Hi. Today I was trying to convert a model weight to my implementation. I found a problem converting a Squeeze-Excitation Block that is the following:
class SEBlock(nn.Module):
def __init__(self, in_channels, out_channels, reduction_ratio=4):
super(SEBlock, self).__init__()
red_channels = round_by(in_channels / reduction_ratio, 8)
self.conv1 = nn.Conv2d(in_channels, red_channels, 1)

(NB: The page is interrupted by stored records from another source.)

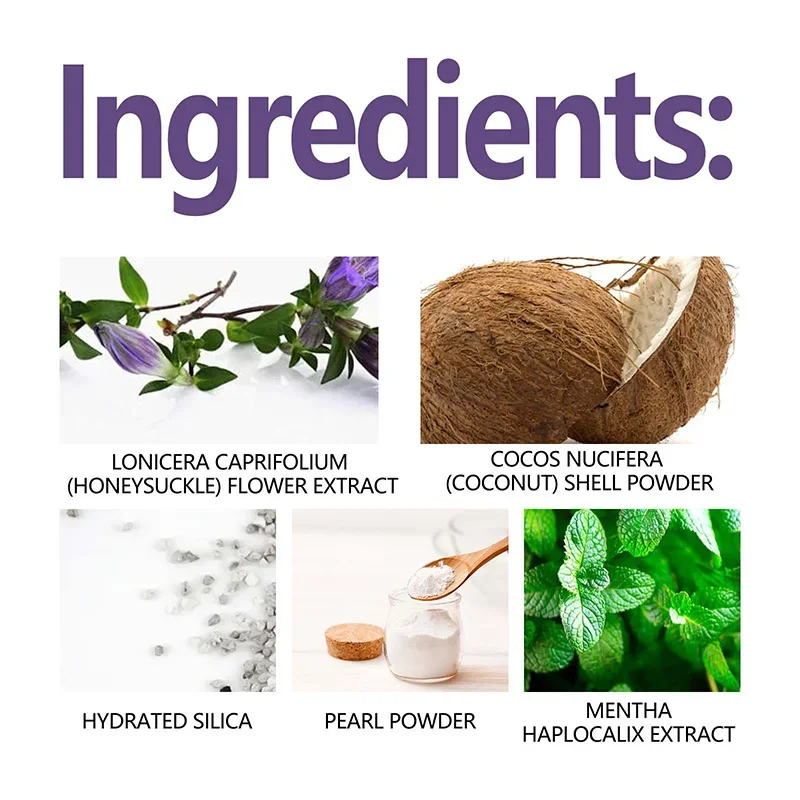 Teeth whitening tooth powder effective remove plaque stains dental calculus fresh bad breath oral hygiene care product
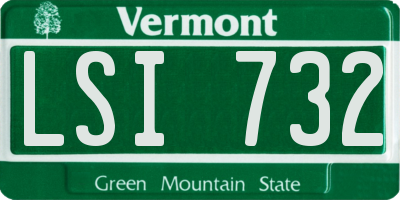 VT license plate LSI732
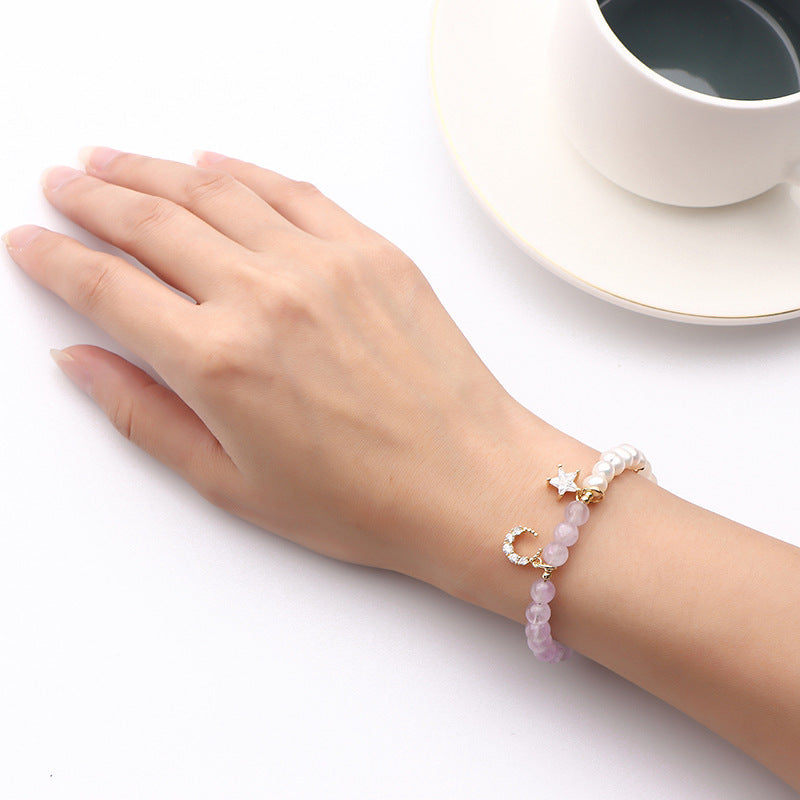 Natural Lavender Amethyst Women Bracelet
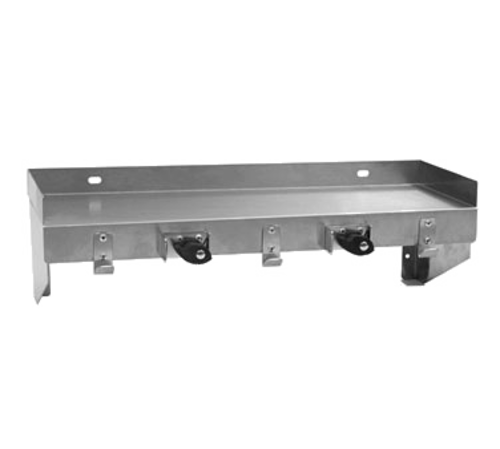 Eagle Group US0824-16/3-X 24"W x 8"D 16/304 Stainless Steel Utility Shelf With Mop Hanger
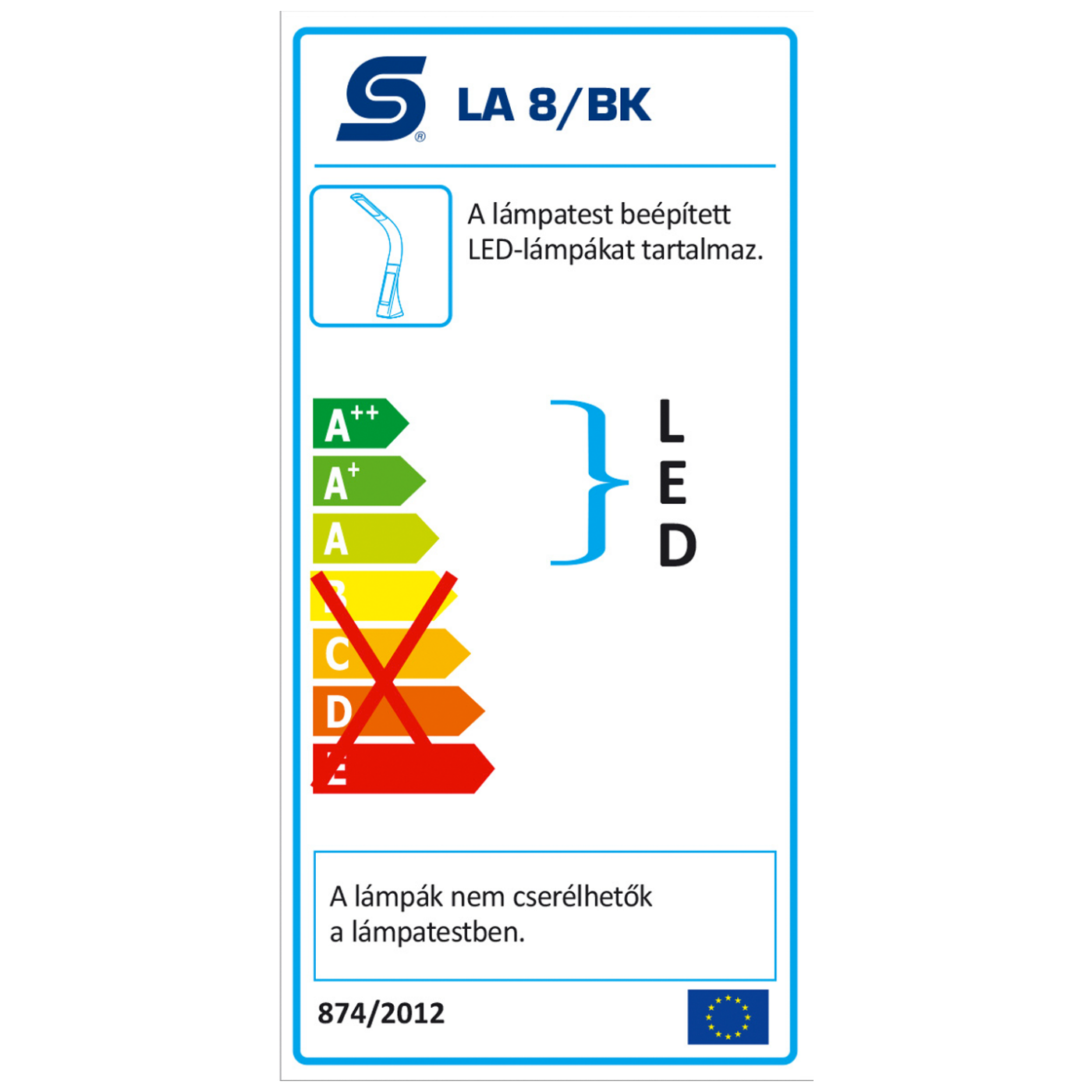 home Lampa, LED, stolna - LA 8/BK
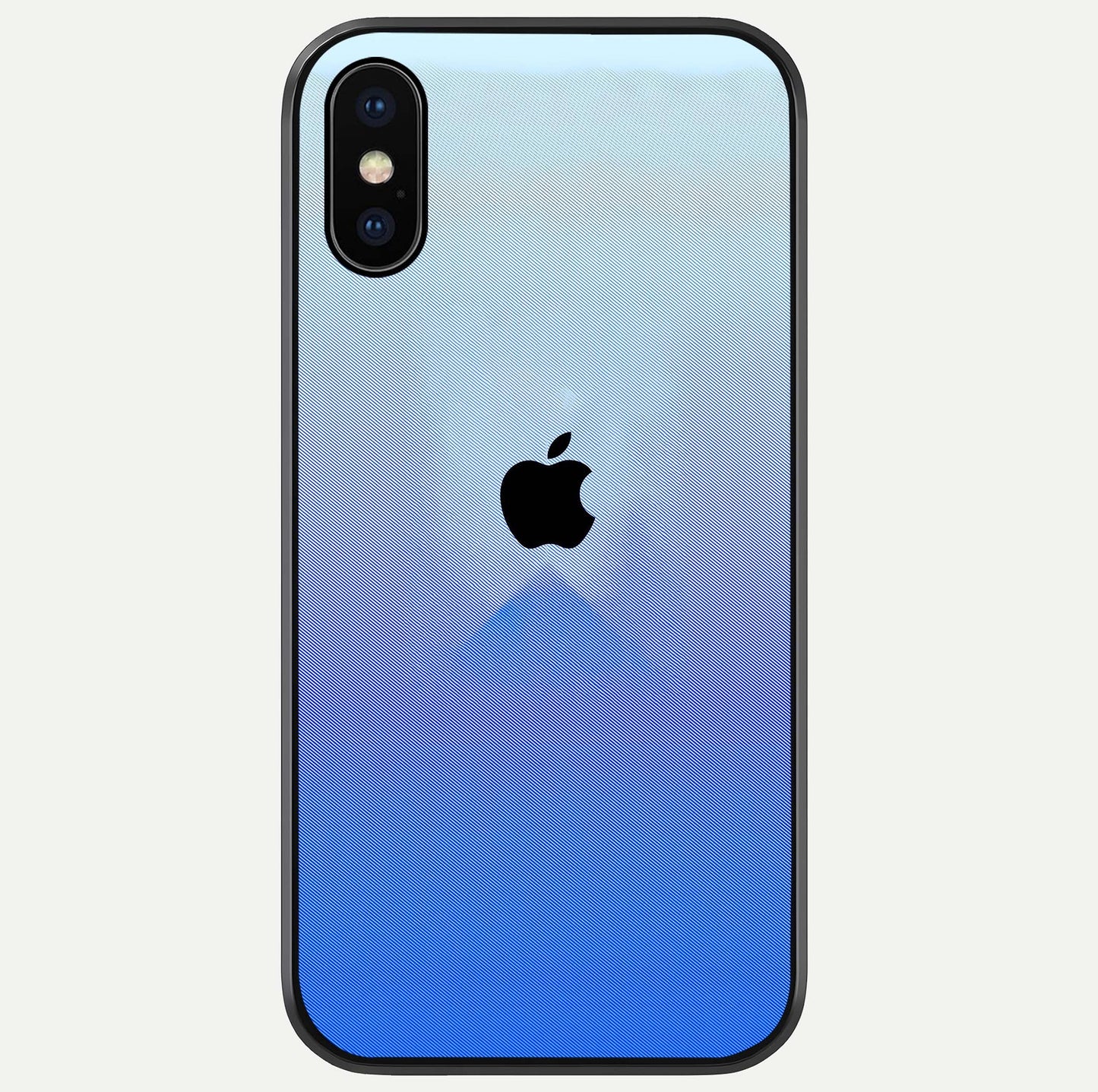 Gradient Apple Vibe Glass Case For iPhone X by Custom World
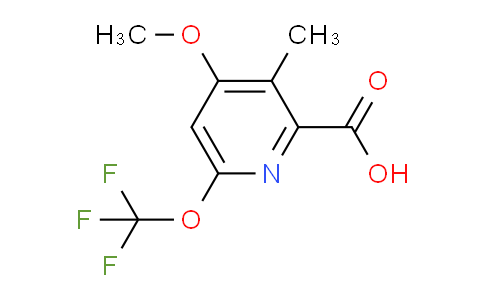 4-Methoxy-3-methyl-6-(trifluoromethoxy)pyridine-2-carboxylic acid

self.activation = nn.ReLU(inplace=True)
self.conv2 = nn.Conv2d(red_channels, out_channels, 1)
def forward(self, input):
x = F.adaptive_avg_pool2d(input, 1)
x = self.conv1(x)
x = self.activation(x)
x = self.conv2(x)
return input * hard_sigmoid(x)
However, in the original model, the pointwise convolutions are nn.Linear
layers. I think that they could be easily converted as such (because the input is a 1x1 image):
linear = nn.Linear(16, 8)
conv = nn.Conv2d(16, 8, 1)
conv.weight.copy_(linear.weight.reshape(8, 16, 1, 1));
conv.bias.copy_(linear.bias);
Unfortunelly, this does not reproduce the same result!
x = torch.randn((3, 16, 1, 1))
torch.norm(conv(x) - linear(x.view(3, 16)))
>>> tensor(16.5712)
What am I missing here?